Recorded data
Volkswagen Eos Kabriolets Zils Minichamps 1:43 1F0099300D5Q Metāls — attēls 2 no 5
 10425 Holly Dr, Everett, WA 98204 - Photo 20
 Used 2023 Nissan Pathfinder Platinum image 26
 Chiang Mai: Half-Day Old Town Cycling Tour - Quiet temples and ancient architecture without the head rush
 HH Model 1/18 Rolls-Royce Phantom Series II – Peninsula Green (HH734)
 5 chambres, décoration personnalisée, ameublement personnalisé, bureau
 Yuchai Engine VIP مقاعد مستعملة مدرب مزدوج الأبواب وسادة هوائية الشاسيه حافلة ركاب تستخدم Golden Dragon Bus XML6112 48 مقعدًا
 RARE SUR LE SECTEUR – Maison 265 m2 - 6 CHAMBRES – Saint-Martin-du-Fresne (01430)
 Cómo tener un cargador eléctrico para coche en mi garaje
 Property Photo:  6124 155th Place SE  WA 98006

Task statement: Could you give the number of lines in the data above that contain the string "Photo", with no other words?

Reply to the exercise: 2